### Pictures with short captions
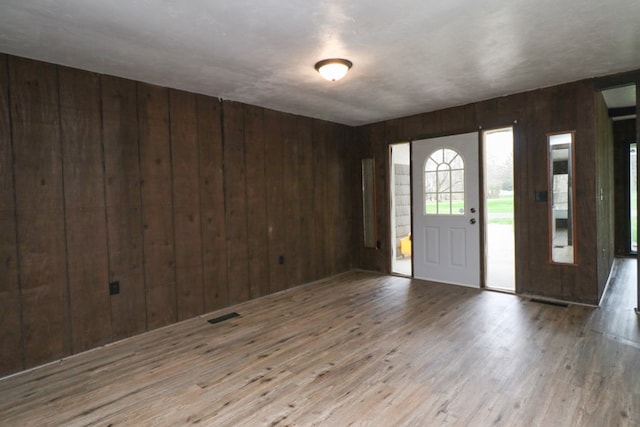 3626 W Fourth St, Mansfield, OH 44903 - photo 7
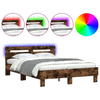 img-d9a6eddc-2083-49d0-9b13-e13f23b2b2f1.png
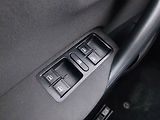 Volkswagen Polo (2011) 1.2 12V, Tempomat - náhled 15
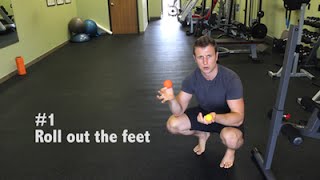 How To Fix Knock Knees Exercises To Correct Knee Valgus [upl. by Sivart]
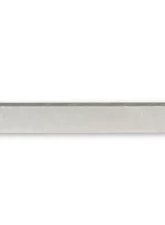Holley EFI Dash Panel                                     - 553-359 - Image 6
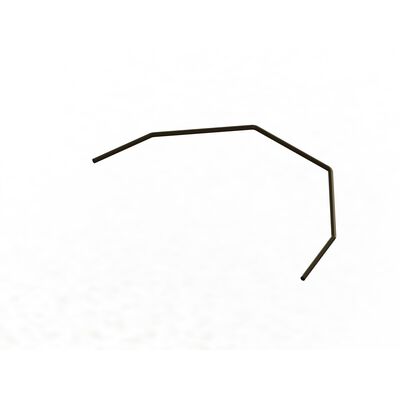 Rear Sway Bar 2.0mm Rear Sway Bar 2.0mm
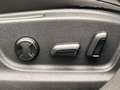 SEAT Leon ST 1.4 EcoTSI FR Connect Automaat * 1e Eigenaar * Grijs - thumbnail 18
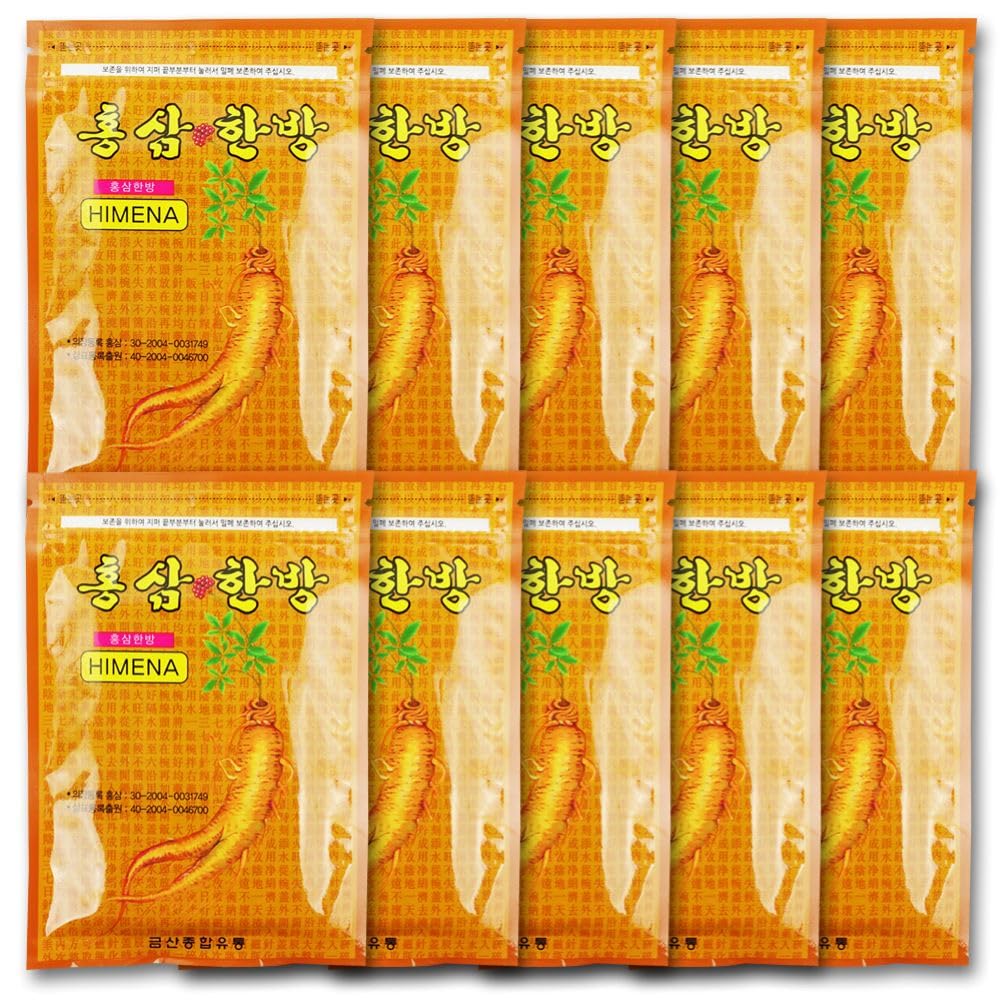 himena-red-ginseng-herbal-patch-for-knee-6.jpg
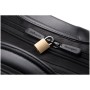 Mala para Portátil Kensington K60387EU Preto 17" de Kensington, Bolsas e capas para computadores portáteis e netbooks - Ref: ...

### TASK OBJECTIVE
Word for word, retype all of the data above, but include no pictures.

### SOLUTION TO THE EXERCISE
 3626 W Fourth St, Mansfield, OH 44903 - photo 7
 img-d9a6eddc-2083-49d0-9b13-e13f23b2b2f1.png
 Volkswagen Polo (2011) 1.2 12V, Tempomat - náhled 15
 How To Fix Knock Knees Exercises To Correct Knee Valgus [upl. by Sivart]
Holley EFI Dash Panel                                     - 553-359 - Image 6
 Rear Sway Bar 2.0mm Rear Sway Bar 2.0mm
 SEAT Leon ST 1.4 EcoTSI FR Connect Automaat * 1e Eigenaar * Grijs - thumbnail 18
 himena-red-ginseng-herbal-patch-for-knee-6.jpg
 Mala para Portátil Kensington K60387EU Preto 17" de Kensington, Bolsas e capas para computadores portáteis e netbooks - Ref: ...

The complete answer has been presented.